Consumer matters
Issue date
AER reference
NR 08/23

The Australian Energy Regulator (AER) has today released its final determination for the 2023–24 Default Market Offer (DMO).

The DMO is an electricity price safety net that protects consumers from unjustifiably high prices and applies to household and small business customers, on standard retail plans, in South Australia, New South Wales and south-east Queensland.

The final DMO determination prices vary slightly from the draft announced in March, higher in some regions and lower in others, with wholesale energy costs continuing to be the predominant driver of increased retail electricity prices.

From 1 July 2023 residential customers on standard retail plans will see price increases of 20.8% to 23.9% without controlled load, depending on their region, and between 19.6% to 24.9% with controlled load, depending on their region. Small business customers are facing increases of 14.7% to 28.9%, depending on their region.

Since releasing its draft determination in March 2023 the AER has taken into account stakeholder feedback and has factored in updated wholesale, network, environmental schemes and retail costs, the latest inflation forecasts and reduced the retail allowance in NSW. Governments have also announced electricity bill relief measures for eligible households and small businesses as part of the Energy Bill Relief Plan. 

AER Chair Ms Clare Savage said, in making its carefully balanced decision, the regulator considered the cost-of-living pressures faced by households and businesses and the need for retailers to recover reasonable costs so they can continue to serve customers.

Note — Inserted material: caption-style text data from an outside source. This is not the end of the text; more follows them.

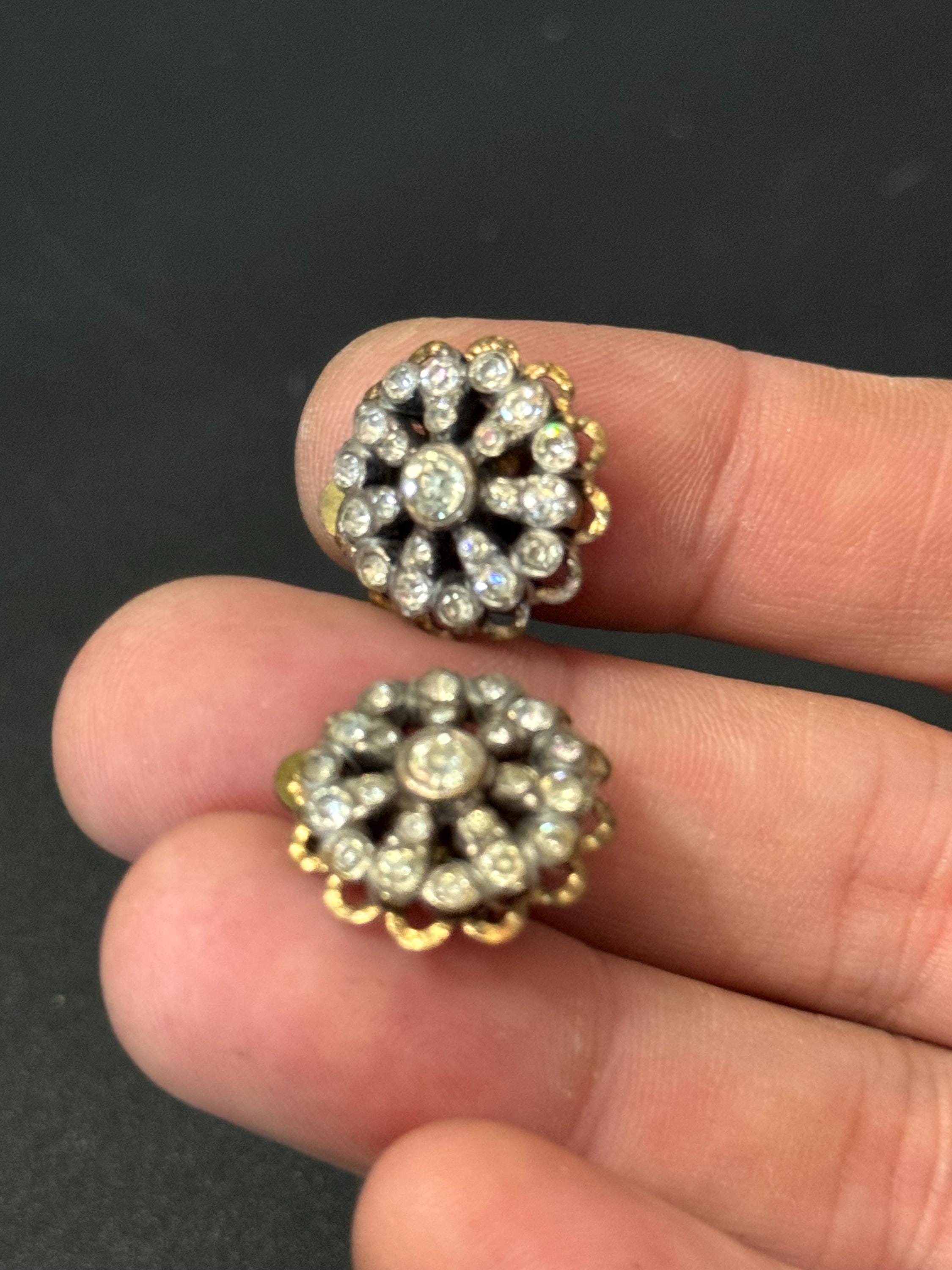 Vintage Small dainty round Clear Diamanté cluster gold tone Clip On Earrings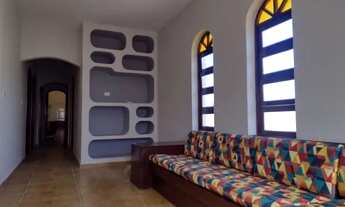 Imagem 2: Sobrado para locação possui 198 metros quadrados com 3 quartos em Centro - Caraguatatuba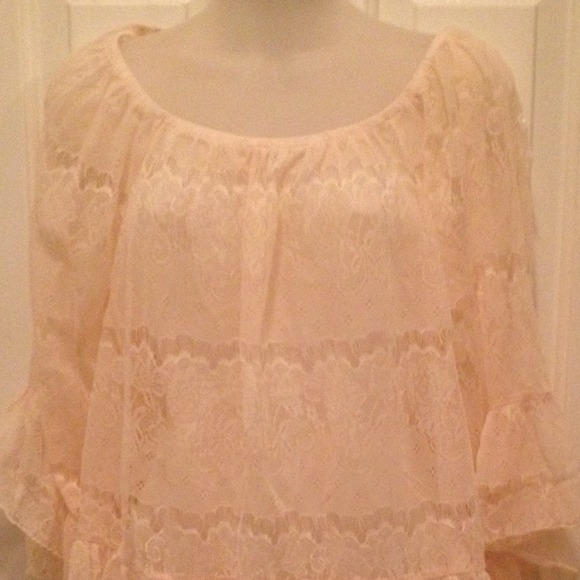 Sold in Bundle... Pretty and Flirty Top - Picture 2 of 2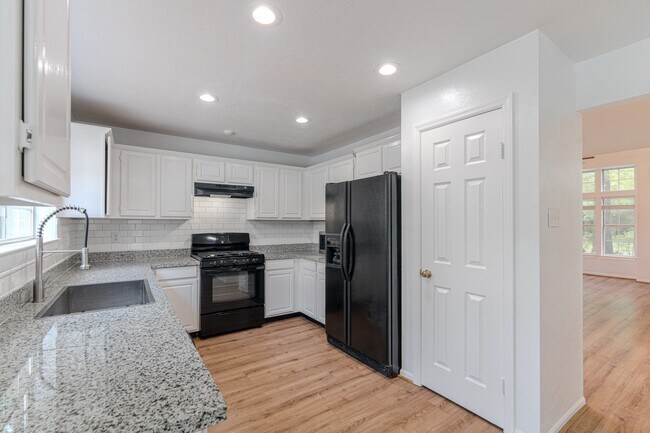 Building Photo - 34 E Trillium Cir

“We know households and small businesses continue to face cost-of-living pressures on many fronts, and that’s why it’s important the DMO provides a safety net for those who might not have shopped around for a better power deal,” Ms Savage said.

“In setting the DMO price this year we have sought to protect consumers from unjustifiably high prices and at the same time allow retailers to offer consumers better deals than their standard plans.

“No one wants to see rising prices, and we recognise this is a difficult time, that’s why it’s important for consumers to shop around for a better deal by using the free and independent bill comparison website www.energymadeeasy.gov.au and to check rebate and concession eligibility.

“Consumers struggling to pay their energy bills should always contact their retailer as soon as possible because, under the national energy laws, retailers must provide assistance,” Ms Savage said.

AER final DMO prices – 1 July 2023 (includes change year-on-year)
Distribution zone Residential without controlled load (CL)* Residential with controlled load Small business without controlled load
Ausgrid (NSW) $1,827 (3,911 kWh) $2,562 (flat rate 4,813 kWh + CL 2,005 kWh) $4,999 (10,027 kWh)
Change y-o-y +$315 (20.8%) +$440 (20.7%) +$639 (14.7%)
Endeavour (NSW) $2,228 (4,913 kWh) $2,977 (flat rate 5,214 kWh + CL 2,206 kWh) $4,598 (10,027 kWh)
Change y-o-y +$392 (21.4%) +$594 (24.9%) +$816 (21.6%)
Essential (NSW) $2,527 (4,613 kWh) $2,977 (flat rate 4,613 kWh + CL 2,005 kWh) $5,761 (10,027 kWh)
Change y-o-y +$435 (20.8%) +$487 (19.6%) +$860 (17.5%)
Energex (SE QLD) $1,969 (4,613 kWh) $2,363 (flat rate 4,412 kWh +CL 1,905 kWh) $4,202 (10,027 kWh)
Change y-o-y +$349 (21.5%) +$402 (20.5%) +$756 (21.9%)
SAPN (SA) $2,279 (4,011 kWh) $2,787 (flat rate 4,212 kWh + CL 1,805 kWh) $5,849 (10,027 kWh)
Change y-o-y +$439 (23.9%) +$512 (22.5%) +$1,310 (28.9%)

*CL: Residential customers with controlled load: These are separately metered tariffs used for appliances such as electric hot water storage systems, pool pumps or underfloor heating.